## DATA RECORDS
______________________________

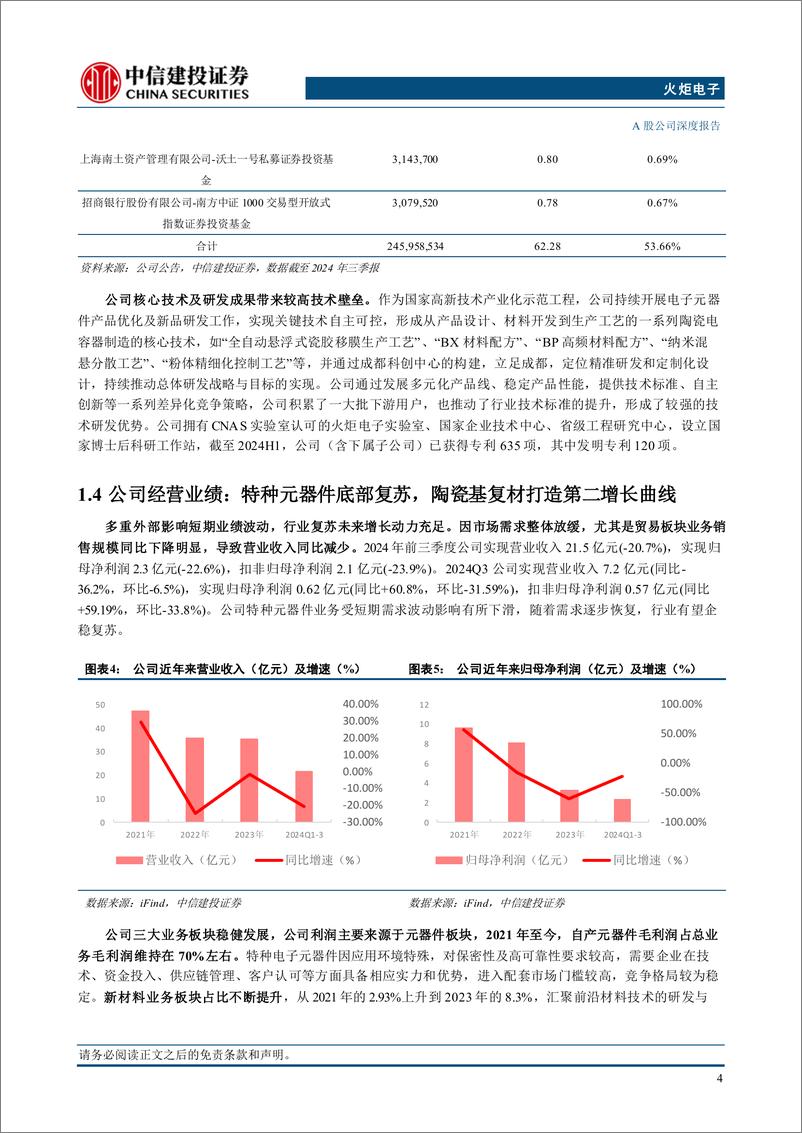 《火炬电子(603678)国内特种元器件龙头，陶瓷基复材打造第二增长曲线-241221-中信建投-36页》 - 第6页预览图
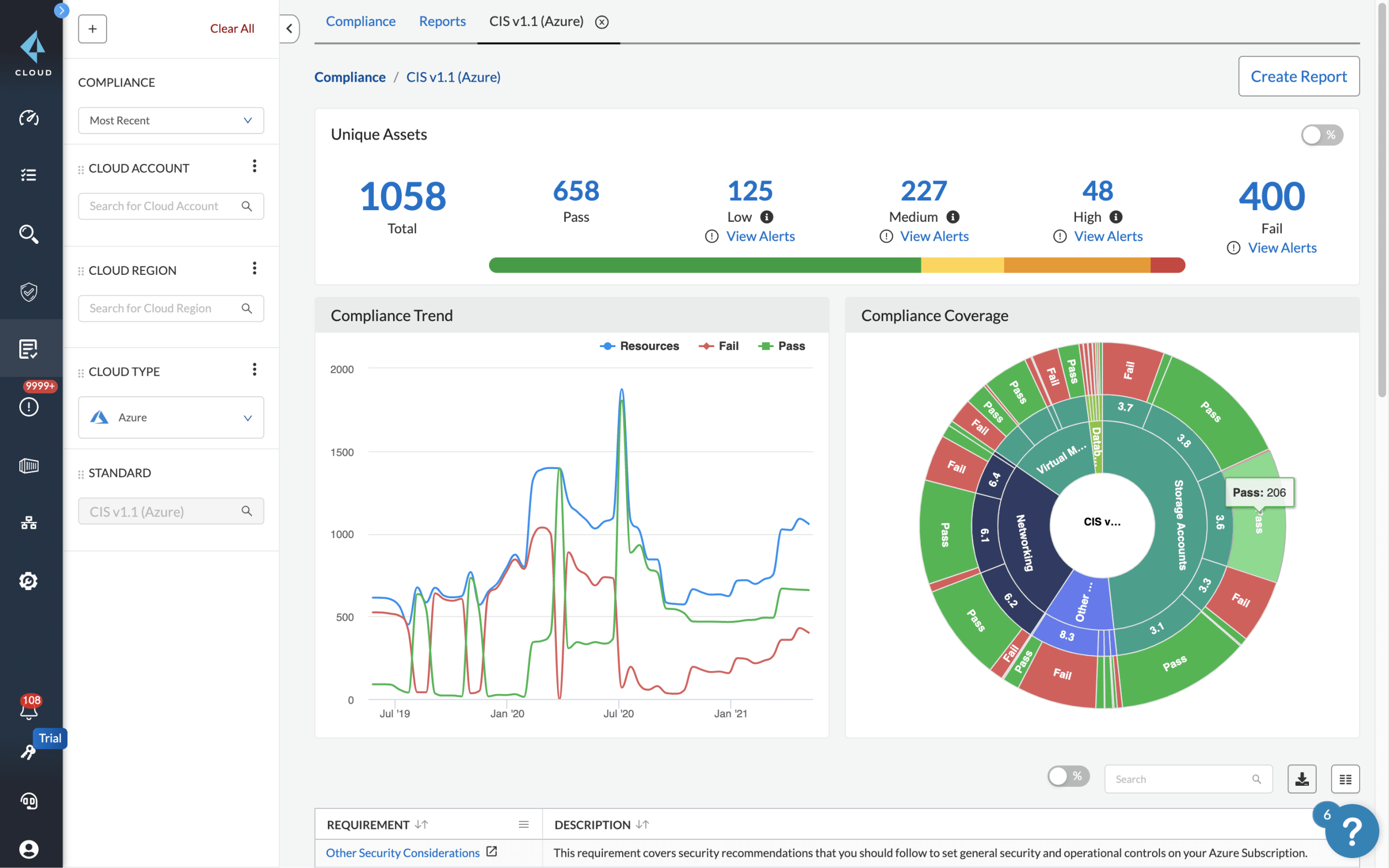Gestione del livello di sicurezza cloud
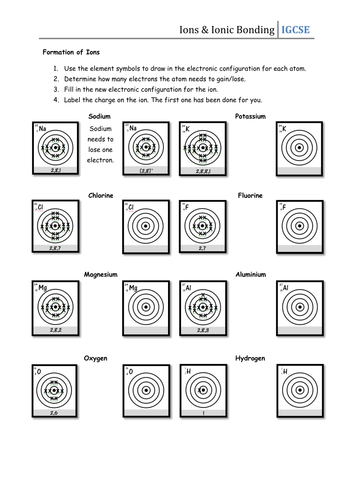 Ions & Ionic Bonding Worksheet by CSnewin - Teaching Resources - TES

______________________________

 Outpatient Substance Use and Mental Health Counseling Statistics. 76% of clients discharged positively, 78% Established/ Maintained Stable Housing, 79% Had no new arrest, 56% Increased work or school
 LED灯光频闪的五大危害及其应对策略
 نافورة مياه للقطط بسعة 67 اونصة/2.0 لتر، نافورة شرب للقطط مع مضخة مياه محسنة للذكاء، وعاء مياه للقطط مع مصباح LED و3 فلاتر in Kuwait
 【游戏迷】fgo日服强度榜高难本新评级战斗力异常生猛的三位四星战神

______________________________

Nothing but the lines above from the line with "Gestione del livello di sicurezza cloud" up to and including the line with "Ions & Ionic" should be returned, exactly as written and without pictures.

Gestione del livello di sicurezza cloud
 Ions & Ionic Bonding Worksheet by CSnewin - Teaching Resources - TES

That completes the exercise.